Da sie mir bei meinem Vorhaben im Weg stand, fasste ich sie kurz an den Schultern, um sie beiseitezuschieben, aber sie zuckte dermaßen zusammen, dass ich die freundlich gemeinte Geste sofort bereute. »Tut mir so leid! Habe ich dir wehgetan?«

»Nein, kein Problem!« Sie lächelte wieder nervös, ging aber wenigstens ins Haus und ließ mich den Koffer die letzten Stufen hinauf und in den Flur wuchten. Ich schloss die Tür unserer Parterrewohnung auf. Drinnen pfiff James den Song Great Marlborough Street, an dem sie bei den Proben momentan arbeiteten. Sarah zuckte zusammen und machte einen Schritt rückwärts. Beinahe wäre sie über eine der Taschen gefallen und konnte sich gerade noch abfangen.

»Alles klar?«

»Kein Problem. Ich warte hier.«

»Jetzt komm einfach herein!« Langsam verlor ich dann doch ein wenig die Geduld. Was hatte sie nur? War sie traumatisiert vom Unfall? Lange zurückliegen konnte er nicht, da das Farbenspiel der Prellungen in ihrem Gesicht erst bei Rot war. Blau, Grün, Gelb und Braun hatte sie noch vor sich, die Ärmste! Mein Mitleid überwog, und ich ging in die nächste Runde, indem ich ihren Koffer in unsere Wohnung zog und auch die beiden Reisetaschen hereinholte. Zögerlich kam sie hinter mir her, blieb aber mit erschrockenem Gesichtsausdruck auf der Schwelle stehen.

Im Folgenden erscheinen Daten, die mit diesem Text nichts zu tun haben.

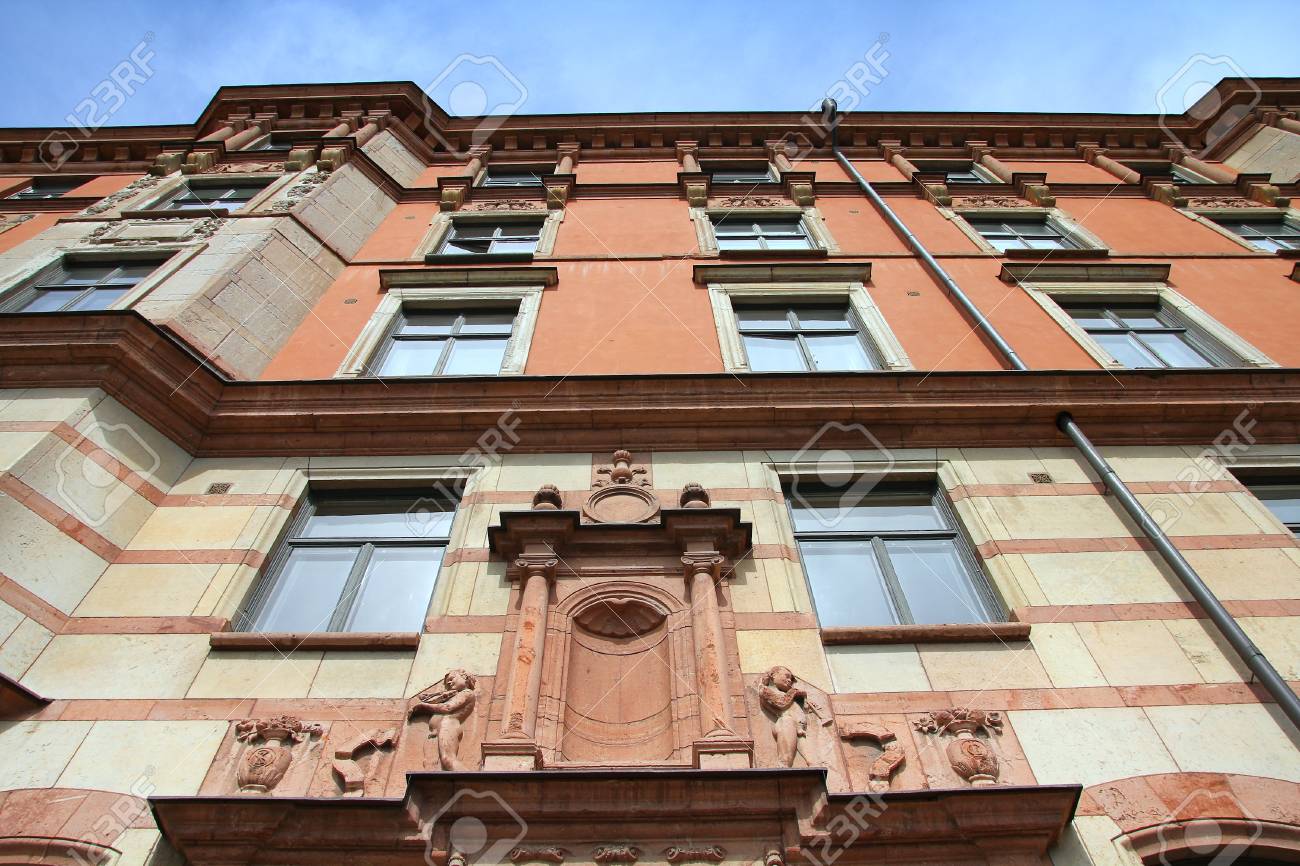 stockholm ostermalm district architecture old apartment building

Ich folgte ihrem Blick und sah James, der den Kopf aus der Küche streckte und über mich lachte. »Wie siehst du denn aus?«

»Bescheuert wie immer, wenn ich vom Friseur komme. Eigentlich soll sie nur unten drei Zentimeter abschneiden, aber sie föhnt sich danach immer etwas zurecht, mit dem ich echt nicht unter normale Leute kann. Nur um den Einheitspreis zu rechtfertigen.« Ich drehte mich zu Sarah. »Das ist übrigens James. Und das ist Sarah. Sie wartet hier, bis Sean nach Hause kommt.«

»Hi, Sarah!« James hob lässig die Hand und verschwand wieder in der Küche, die er pfeifend weiterputzte. Auf mich lauerten auch noch Staubsauger und Bodenwischer. Darrel hingegen hatte seinen Anteil am gemeinsamen samstäglichen Putzen, das Bad, bereits am Freitagabend erledigt, weil er heute arbeiten musste.

»Hi!«, antwortete Sarah, als sie sich von ihrem Schreck erholt hatte, und kam zögerlich herein. Endlich konnte ich die Wohnungstür, die bei uns direkt ins Wohnzimmer führte, wieder schließen.

»Setz dich!« Ich lächelte sie freundlich an und half ihr vorsichtig aus dem Mantel, um ihr nicht wehzutun.

Sie lächelte nervös zurück. »Danke! Ich kann stehen! Kein Problem.«

Ich deutete auf die Couch vor dem Erker. »Wenn du dich dort hinsetzt, kannst du den Eingang im Blick behalten und sehen, wenn Sean kommt.« Ha! War ich nicht genial?

Sie nahm brav Platz, was nun offensichtlich kein Problem mehr für sie war, und ich hängte ihren Mantel über eine Stuhllehne.

»Ich mache uns Tee!«, verkündete ich, ohne lange zu fragen, ob sie einen wollte, denn ich kannte ja bereits ihre Antwort auf alles.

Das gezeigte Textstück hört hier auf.